## Your objective:
Below are the entries. Set down exactly the line containing "black button up cardigan" and each line after it.

## Exercise input:

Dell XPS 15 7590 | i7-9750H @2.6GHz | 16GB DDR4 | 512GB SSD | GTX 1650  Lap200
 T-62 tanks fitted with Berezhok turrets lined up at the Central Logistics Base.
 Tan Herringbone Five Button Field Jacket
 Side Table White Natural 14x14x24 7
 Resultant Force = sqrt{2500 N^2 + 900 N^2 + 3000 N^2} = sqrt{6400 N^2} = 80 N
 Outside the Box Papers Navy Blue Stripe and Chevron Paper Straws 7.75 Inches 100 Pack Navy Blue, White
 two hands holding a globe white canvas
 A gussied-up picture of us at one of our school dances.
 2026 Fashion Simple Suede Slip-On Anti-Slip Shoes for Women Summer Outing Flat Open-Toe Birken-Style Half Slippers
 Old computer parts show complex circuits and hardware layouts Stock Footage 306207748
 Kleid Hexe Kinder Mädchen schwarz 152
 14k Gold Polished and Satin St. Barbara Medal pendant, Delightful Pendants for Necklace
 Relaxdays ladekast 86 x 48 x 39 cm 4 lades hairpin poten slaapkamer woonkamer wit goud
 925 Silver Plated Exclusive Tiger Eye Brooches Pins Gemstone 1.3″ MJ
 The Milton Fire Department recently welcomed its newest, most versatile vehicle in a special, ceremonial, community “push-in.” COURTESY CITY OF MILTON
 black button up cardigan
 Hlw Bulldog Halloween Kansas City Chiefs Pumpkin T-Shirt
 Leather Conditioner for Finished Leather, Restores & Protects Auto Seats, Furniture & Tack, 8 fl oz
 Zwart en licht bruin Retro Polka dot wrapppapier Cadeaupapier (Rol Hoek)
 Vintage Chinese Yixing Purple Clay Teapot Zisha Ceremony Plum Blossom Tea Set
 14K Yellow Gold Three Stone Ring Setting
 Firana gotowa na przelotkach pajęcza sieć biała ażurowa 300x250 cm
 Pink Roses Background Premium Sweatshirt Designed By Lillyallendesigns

## Exercise solution:
 black button up cardigan
 Hlw Bulldog Halloween Kansas City Chiefs Pumpkin T-Shirt
 Leather Conditioner for Finished Leather, Restores & Protects Auto Seats, Furniture & Tack, 8 fl oz
 Zwart en licht bruin Retro Polka dot wrapppapier Cadeaupapier (Rol Hoek)
 Vintage Chinese Yixing Purple Clay Teapot Zisha Ceremony Plum Blossom Tea Set
 14K Yellow Gold Three Stone Ring Setting
 Firana gotowa na przelotkach pajęcza sieć biała ażurowa 300x250 cm
 Pink Roses Background Premium Sweatshirt Designed By Lillyallendesigns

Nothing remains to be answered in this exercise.